Friday, January 23, 2015

How to Use Visualization to Build Strength and Muscle Mass




If you are reading this right now, I want you to raise your hand as high as you can. Go ahead and do it right now if you sanctum ' t prompt, I am going to make an important point here. OK, keeping your hand as high as you can, I want you now to raise your hand a little bit higher. What ' s my point? Most of us have no concept what we are in reality capable of, and we treat to oftentimes cut ourselves short. Metaphorically speaking, we doctor to presuppose we have " raised our hands " as high as we can, when in reality we can always go a little higher.



If you are struck in building muscle and gaining some raw strength beyond what you understanding was capable for yourself, or conceivably you just want a little trick to get some better results, then try visualization. You have probably heard someone at one time say, " I have to discern it to consider it. " Well, any successful person in life in any group thinks the exact converse, they credit it first and then they spy it. Exercise this to your training and your results will shoot through the roof.



Two ways in which you can use visualization are what we ' ll call long - term and short - term. Let ' s use the bench press for standard. Let ' s say you currently can bench press 185 pounds for 10 reps and your goal is to eventually bench press 250 pounds for 10 reps. Long term visualization is when you take some noiseless time at night when you are lying in bed, relax your body and mind, and after a few minutes when you feel relaxed, you commence to visualize yourself bench pressing 250 pounds for 10 reps.



The key is to make it as real as possible, as if you are really in the gym working out. Use your intellection to make this visual as real as possible; recall the smell, what the gym looks like, the feel of the bar in your hands, what it sounds like in your gym, circumstance.









Inspect yourself completing each and every one of the ten reps in good form. Repeat this visualization every night, making it more and more of a real experience.



Aggrandized trick you can use is to recognize someone extended perform ten reps with 250 pounds. When I was squatting around 300 pounds and had my goal of 415 pounds, I went on YouTube and watched videos of other people squat 415 pounds with ease and this totally gave me a new perspective, and the 300 pounds I was currently squatting no longer seemed so heavy.



Short term visualization works like this: when you are fully at the gym and getting electric to bench press, lie down on the bench and muggy your eyes. If you are going to do ten reps, then imagine yourself doing all ten reps in good form. It is important that you go through each rep in your termination - and that you effectuate! Once you look at it in your mind, snap yawning your eyes and perform the set; and repeat what you ' ve going on done in your imagination.



A final little trick you can use is to visualize yourself as being your favorite bodybuilder, or anyone with a lot more muscle and strength then you have while performing a set.
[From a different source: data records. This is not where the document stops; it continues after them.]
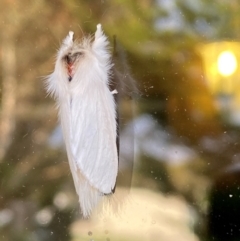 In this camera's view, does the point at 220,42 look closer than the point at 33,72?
Yes

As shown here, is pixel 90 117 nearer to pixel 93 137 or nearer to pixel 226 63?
pixel 93 137

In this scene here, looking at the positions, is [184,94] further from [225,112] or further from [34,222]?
[34,222]

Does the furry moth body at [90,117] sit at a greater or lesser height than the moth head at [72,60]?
lesser

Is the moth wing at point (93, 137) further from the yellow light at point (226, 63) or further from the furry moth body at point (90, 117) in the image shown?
the yellow light at point (226, 63)

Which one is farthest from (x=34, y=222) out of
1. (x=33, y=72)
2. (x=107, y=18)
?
(x=107, y=18)

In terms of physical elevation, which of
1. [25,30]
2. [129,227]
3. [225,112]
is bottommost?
[129,227]

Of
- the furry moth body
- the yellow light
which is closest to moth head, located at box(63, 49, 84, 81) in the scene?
the furry moth body

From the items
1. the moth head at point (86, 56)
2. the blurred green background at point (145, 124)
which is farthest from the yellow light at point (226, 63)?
the moth head at point (86, 56)

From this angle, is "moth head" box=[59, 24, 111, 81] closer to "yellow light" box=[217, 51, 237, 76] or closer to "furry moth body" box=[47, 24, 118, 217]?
"furry moth body" box=[47, 24, 118, 217] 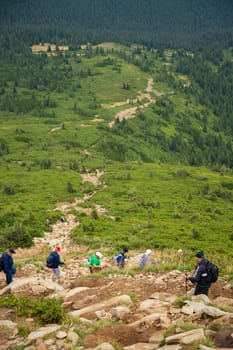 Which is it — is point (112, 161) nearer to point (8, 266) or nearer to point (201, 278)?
point (8, 266)

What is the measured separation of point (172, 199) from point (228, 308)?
56.4 meters

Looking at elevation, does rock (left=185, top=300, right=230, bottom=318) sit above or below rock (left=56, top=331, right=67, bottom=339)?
above

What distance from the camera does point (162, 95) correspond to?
593 ft

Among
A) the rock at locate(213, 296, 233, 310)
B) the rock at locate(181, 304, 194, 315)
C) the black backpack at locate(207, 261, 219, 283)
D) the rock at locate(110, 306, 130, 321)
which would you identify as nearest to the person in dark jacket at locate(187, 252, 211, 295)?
the black backpack at locate(207, 261, 219, 283)

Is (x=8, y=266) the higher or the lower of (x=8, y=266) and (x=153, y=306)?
the lower

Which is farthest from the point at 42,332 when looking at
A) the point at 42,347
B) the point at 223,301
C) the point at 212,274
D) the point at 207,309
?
the point at 223,301

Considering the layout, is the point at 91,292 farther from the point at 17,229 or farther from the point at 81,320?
the point at 17,229

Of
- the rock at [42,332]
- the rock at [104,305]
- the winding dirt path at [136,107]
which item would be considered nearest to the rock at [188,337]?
the rock at [42,332]

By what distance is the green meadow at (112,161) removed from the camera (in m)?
52.1

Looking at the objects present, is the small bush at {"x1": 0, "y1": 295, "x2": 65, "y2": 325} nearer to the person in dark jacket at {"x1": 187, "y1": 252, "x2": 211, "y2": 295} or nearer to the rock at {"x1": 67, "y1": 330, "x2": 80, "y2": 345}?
the rock at {"x1": 67, "y1": 330, "x2": 80, "y2": 345}

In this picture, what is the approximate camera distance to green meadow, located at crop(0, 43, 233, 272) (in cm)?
5205

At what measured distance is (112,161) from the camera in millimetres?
97938

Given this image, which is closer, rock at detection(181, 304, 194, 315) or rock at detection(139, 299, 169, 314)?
rock at detection(181, 304, 194, 315)

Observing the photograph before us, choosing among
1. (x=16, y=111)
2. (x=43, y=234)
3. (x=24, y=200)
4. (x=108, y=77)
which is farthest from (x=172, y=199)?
(x=108, y=77)
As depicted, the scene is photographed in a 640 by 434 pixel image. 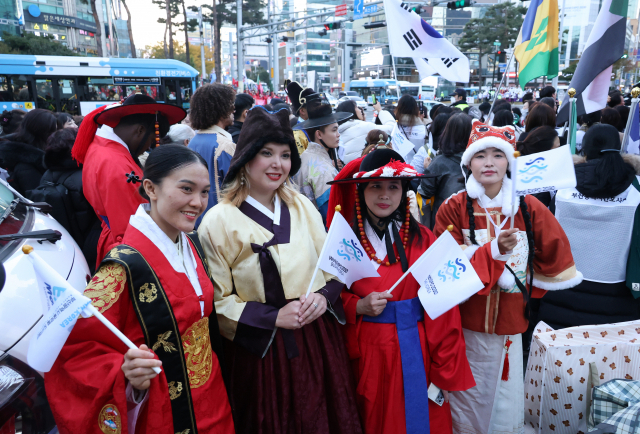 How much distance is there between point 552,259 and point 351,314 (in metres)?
1.22

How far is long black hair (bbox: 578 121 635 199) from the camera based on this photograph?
314 centimetres

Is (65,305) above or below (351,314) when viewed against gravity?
above

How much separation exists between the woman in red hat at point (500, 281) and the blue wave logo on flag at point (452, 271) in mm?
393

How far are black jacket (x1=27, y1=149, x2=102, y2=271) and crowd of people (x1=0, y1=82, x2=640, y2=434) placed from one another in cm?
50

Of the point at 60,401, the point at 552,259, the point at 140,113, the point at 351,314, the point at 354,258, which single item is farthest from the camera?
the point at 140,113

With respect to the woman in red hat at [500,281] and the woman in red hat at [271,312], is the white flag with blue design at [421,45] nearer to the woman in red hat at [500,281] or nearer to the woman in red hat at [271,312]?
the woman in red hat at [500,281]

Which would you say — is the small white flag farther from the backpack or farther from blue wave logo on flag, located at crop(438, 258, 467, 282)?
the backpack

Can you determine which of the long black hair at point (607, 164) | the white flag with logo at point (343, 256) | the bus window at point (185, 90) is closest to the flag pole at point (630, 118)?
the long black hair at point (607, 164)

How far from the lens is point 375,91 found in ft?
123

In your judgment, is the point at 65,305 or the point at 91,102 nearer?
the point at 65,305

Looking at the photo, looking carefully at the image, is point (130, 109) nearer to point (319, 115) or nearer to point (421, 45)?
point (319, 115)

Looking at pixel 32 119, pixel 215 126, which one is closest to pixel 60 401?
pixel 215 126

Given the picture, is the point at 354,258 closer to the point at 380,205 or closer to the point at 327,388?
the point at 380,205

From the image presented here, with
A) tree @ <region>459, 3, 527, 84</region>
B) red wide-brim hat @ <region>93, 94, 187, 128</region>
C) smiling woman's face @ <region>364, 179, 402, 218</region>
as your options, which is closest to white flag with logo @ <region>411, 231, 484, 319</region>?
smiling woman's face @ <region>364, 179, 402, 218</region>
Convince yourself as much as possible at that moment that you are really that person; visualize having those muscles, and the strength that comes with it, and then perform the set. This technique also works when doing exercises that might not be as problem on your strength, such as pumping out your pectoral muscles with some dumbbell fly ' s; I ' ll gamble you ' ll be able to pump out a few more reps then usual theatre like a pro bodybuilder.



Practice these visualization techniques and over time you will be getting a heck of a lot better of a workout then you were without them, hence bringing you closer to performing your best, meaning you ' ll get better results.